En otras ocasiones, el arrollador canónigo de barrocas y fascinadoras bocamangas, encarnación de la prestancia Y de la perfección a que la sintaxis puede llegar ungidamente alojada en encías sacras, comenzaba su aparición celeste, consigo mismo concelebrada, con el inesperado relámpago de una frase del Times, Londres, de tantos de los corrientes. El resplandor de este sorprendente exordio, citado en correctísimo anglicano y traducido para ignaros al católico lenguaje vernáculo, extendía entre el común de los presentes y entre algún profesor de la Universidad que también asistía, con fervor discente, al espectáculo, un rumor luminoso de admirativo éxtasis que, transportado por el titán del púlpito de argumento en argumento por naves y arquivoltas, se resolvía en el tronar compacto de una cita de Tertuliano, San Ambrosio o algún otro sabio y santo padre de la Iglesia del predicador insuperable.

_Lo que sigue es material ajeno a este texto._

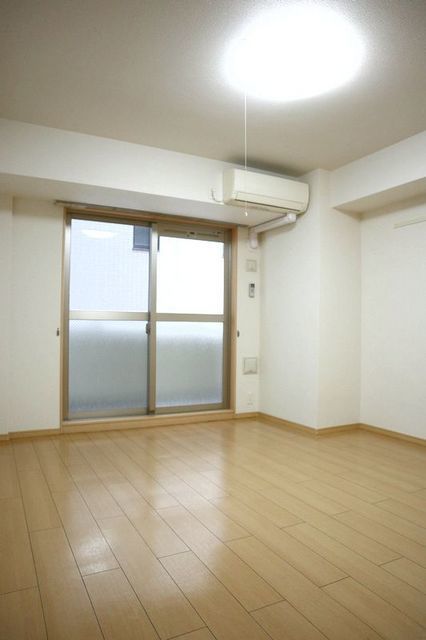 居室・リビング　☆明るい居間☆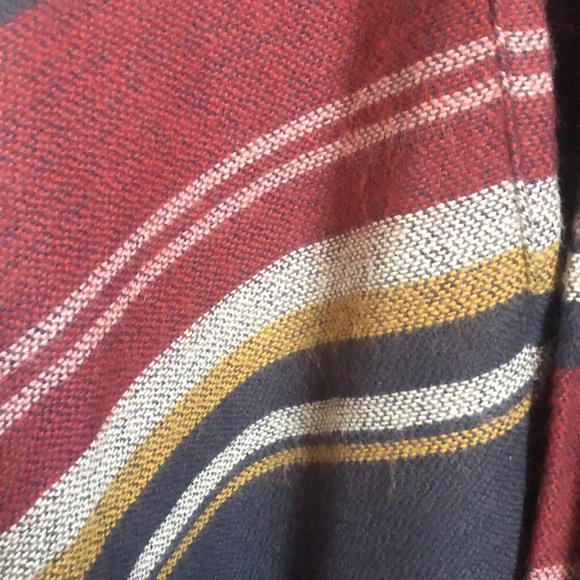 Hollister Western Style Cape - Picture 4 of 7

El llamado a sentarse a la diestra del Papa era en sí y en su verbo un miniado capítulo de la Historia de España. En él se acumulaban la razón y la fe con reverberaciones tan transverberadas que, sin ser de este mundo, eran existencialmente la esencia de España. (Hablo, justo es perpetuarlo, de un Don Marcelo en plenitud de facultades.)
Cuando los caldeados burgueses de la misa de una llegaban a sus cristianas y ejemplares casas, reciamente amuebladas, con los pasteles del domingo en una mano, el ABC en la otra y el corazón y la cabeza confortados por la comunión perfecta entre el racionalismo científico y el dogma incuestionable, del mediodía cenital de la capital de provincia, o al menos de sus más céntricos hogares, se elevaba hasta el cielo de Castilla, vale decir de España y aun del mundo universo, un dulce aroma a perfección sagrada y una paz impagable.